_Task to complete_
Down to the last line below, write out every line exactly, starting with the one that contains "in Old Paint" and leaving out the pictures.

┌─ Supplied information

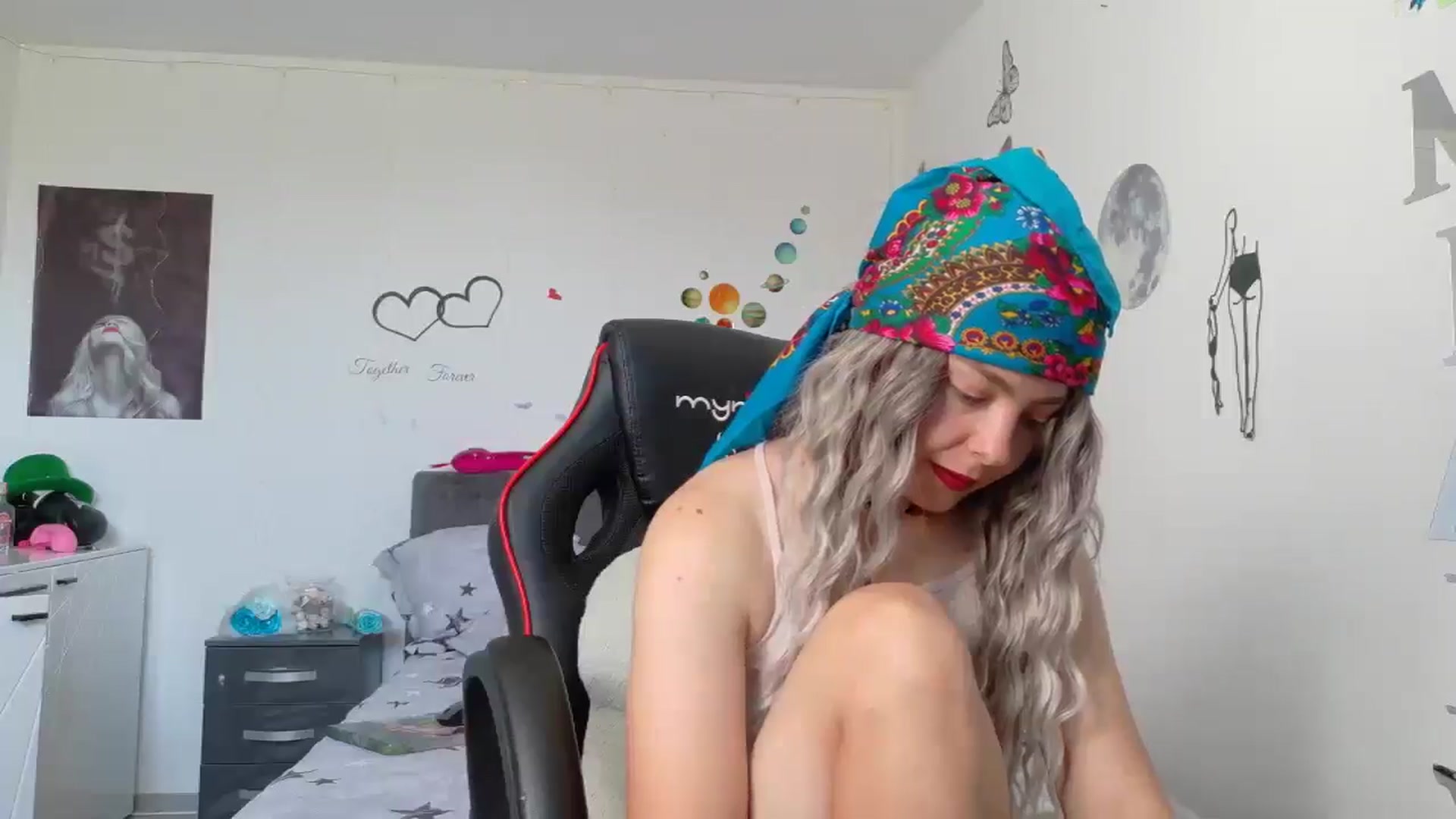 Gallery image thumbnail from YreneA's myfreecams stream on, 06/17/2025, 07:10 image 10 of 20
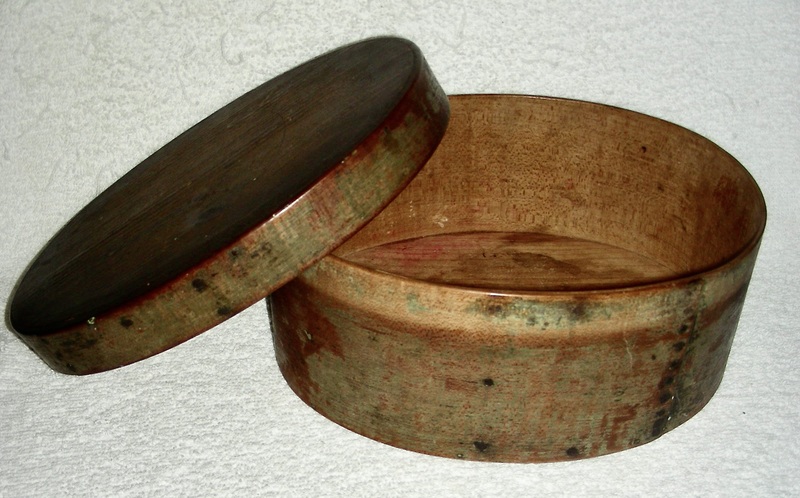 9 ¼” Oval Box in Old Paint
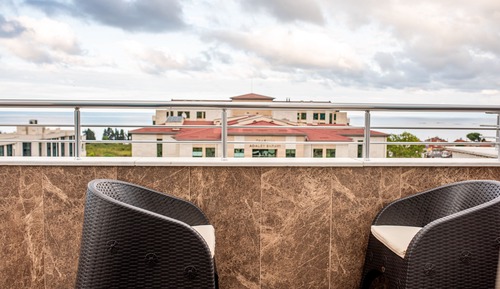 Suite ejecutiva, 1 cama de matrimonio grande, balcón, vistas al mar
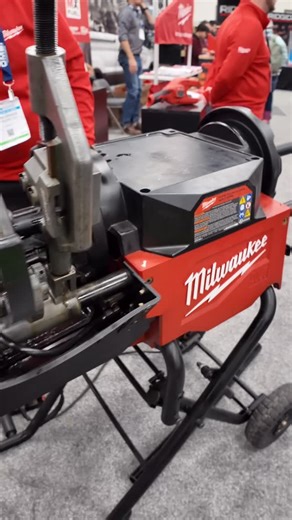 ©Jose Reyes♏| PLUMBING BUSINESS OWNER | 🔴 Milwaukee’s Threading Machines — Quick Breakdown • 100% Cordless Power (MX FUEL™ & M18 FUEL™) — no cords, no generators • Threads up to... | Instagram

└─

_Written reply_
 9 ¼” Oval Box in Old Paint
 Suite ejecutiva, 1 cama de matrimonio grande, balcón, vistas al mar
 ©Jose Reyes♏| PLUMBING BUSINESS OWNER | 🔴 Milwaukee’s Threading Machines — Quick Breakdown • 100% Cordless Power (MX FUEL™ & M18 FUEL™) — no cords, no generators • Threads up to... | Instagram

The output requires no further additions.